The article suggested that Universal execs are most hot for such a service, noting that the label would like to see residual monthly income. EMI and Apple recently announced a new agreement that will offer EMI's catalog without DRM through iTunes starting in May, but that announcement did not also include mention of a subscription service.
Apple has heretofore said that consumers wish to own their music, not rent it, and Apple CEO Steve Jobs has publicly mocked those services that offered rental deals when touting iTunes. Of course, Mr. Jobs had also publicly said that playing video on an iPod was unnecessary, and that iPods were "about the music, stupid," paraphrasing former president Bill Clinton. That changed as soon as Apple was ready to release a video-capable iPod less than a year later.
Accordingly, don't expect Apple's past rhetoric on the issue to necessarily be an indication on where the company will go tomorrow. In addition, subscription services have found a foothold with a small segment of the music buying population, with almost all of Napster 2.0's success in marketplace happening with its subscription service. Apple's now overwhelmingly dominant position in both the digital media device market and the digital downloads market could allow the company the flexibility to broaden its iTunes product offering.
That dominance has left Apple in driver's seat in the digital download market, and that's something that has continued to bother some music execs. "They're desperate for an iPod killer so that they won't be beholden to Steve Jobs," the article quoted an unnamed music executive "familiar with the discussions" as saying.
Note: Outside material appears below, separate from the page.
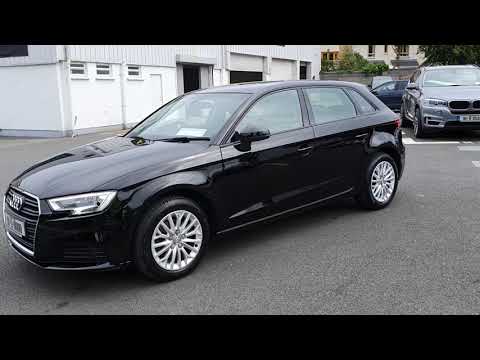 AP67CAV - 2018 Audi A3 1.0 TFSI PETROL SE TECHNIC 5 DOOR 21,950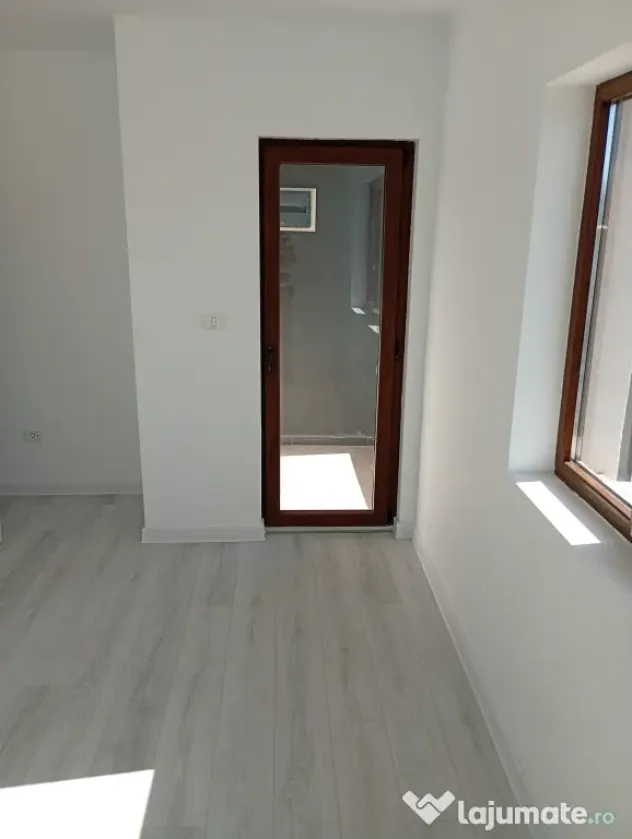 Apartament tip casă duplex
The reporter also subtly placed the recording industry's position that Apple's iPod profits are in some way tied to iTunes downloads themselves as an objective truth. Some of the labels have said that they want a piece of those iPod profits, and even successfully negotiated a deal with Microsoft that gave them a cut of each of Big Redmond's Zune device.
The labels have not, however, received royalty payments from Victrolas, record players, cassette players, stereos (Hi Fi or Lo Fi), or car stereos in the past, though they have negotiated royalties from cassette and CD-R media sales in some countries.
In the same vein, the reporter stated as fact the notion that the majority of the music on the 100 million iPods Apple has sold is illegally pirated, something that may or may not be true, but something the labels seem to want to be the case.